■ Brief: How many lines in the records below contain "Portable"? Reply with the number only.

============================================================

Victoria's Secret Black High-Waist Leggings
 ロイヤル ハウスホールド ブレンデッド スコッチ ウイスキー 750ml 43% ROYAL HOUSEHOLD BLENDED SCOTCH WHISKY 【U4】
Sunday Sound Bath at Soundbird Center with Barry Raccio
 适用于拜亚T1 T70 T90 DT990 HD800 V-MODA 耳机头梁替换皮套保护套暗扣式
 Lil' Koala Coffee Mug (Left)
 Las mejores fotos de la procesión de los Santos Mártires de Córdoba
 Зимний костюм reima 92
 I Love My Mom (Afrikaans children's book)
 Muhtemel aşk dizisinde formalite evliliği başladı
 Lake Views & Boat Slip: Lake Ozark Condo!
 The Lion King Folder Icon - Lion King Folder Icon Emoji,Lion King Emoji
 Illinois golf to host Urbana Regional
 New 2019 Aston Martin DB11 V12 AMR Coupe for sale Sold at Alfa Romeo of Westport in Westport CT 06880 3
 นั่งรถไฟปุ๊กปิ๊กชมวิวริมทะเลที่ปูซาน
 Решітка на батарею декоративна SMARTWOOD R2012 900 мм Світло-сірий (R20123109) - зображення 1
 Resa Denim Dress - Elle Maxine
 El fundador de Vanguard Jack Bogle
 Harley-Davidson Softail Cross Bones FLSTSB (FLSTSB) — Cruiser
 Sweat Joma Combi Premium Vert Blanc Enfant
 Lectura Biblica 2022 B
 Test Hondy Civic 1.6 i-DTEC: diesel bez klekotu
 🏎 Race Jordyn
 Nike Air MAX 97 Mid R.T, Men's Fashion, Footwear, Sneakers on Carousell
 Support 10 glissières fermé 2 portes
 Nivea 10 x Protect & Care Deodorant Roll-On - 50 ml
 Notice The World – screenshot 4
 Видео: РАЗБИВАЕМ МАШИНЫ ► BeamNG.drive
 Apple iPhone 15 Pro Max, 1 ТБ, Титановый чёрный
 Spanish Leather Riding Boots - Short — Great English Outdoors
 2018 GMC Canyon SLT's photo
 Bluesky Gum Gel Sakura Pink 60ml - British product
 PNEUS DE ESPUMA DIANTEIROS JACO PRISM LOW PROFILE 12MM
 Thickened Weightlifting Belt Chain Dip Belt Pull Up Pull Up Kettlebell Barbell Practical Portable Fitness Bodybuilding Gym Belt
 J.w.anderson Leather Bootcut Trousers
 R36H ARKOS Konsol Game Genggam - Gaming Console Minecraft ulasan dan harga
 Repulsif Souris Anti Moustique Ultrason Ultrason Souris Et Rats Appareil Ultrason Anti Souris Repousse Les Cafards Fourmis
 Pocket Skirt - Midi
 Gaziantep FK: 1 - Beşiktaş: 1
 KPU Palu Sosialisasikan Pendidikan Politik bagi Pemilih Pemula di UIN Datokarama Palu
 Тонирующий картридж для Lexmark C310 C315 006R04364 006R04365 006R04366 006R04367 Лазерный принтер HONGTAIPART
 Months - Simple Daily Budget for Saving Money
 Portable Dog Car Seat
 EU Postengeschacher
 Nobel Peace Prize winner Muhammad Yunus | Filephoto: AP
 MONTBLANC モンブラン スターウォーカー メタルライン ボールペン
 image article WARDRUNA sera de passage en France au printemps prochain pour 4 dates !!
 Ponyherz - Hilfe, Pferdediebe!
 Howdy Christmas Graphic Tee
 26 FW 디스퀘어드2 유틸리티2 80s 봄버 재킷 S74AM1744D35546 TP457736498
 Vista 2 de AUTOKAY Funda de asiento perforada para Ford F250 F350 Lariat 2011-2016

============================================================

■ Reply: 2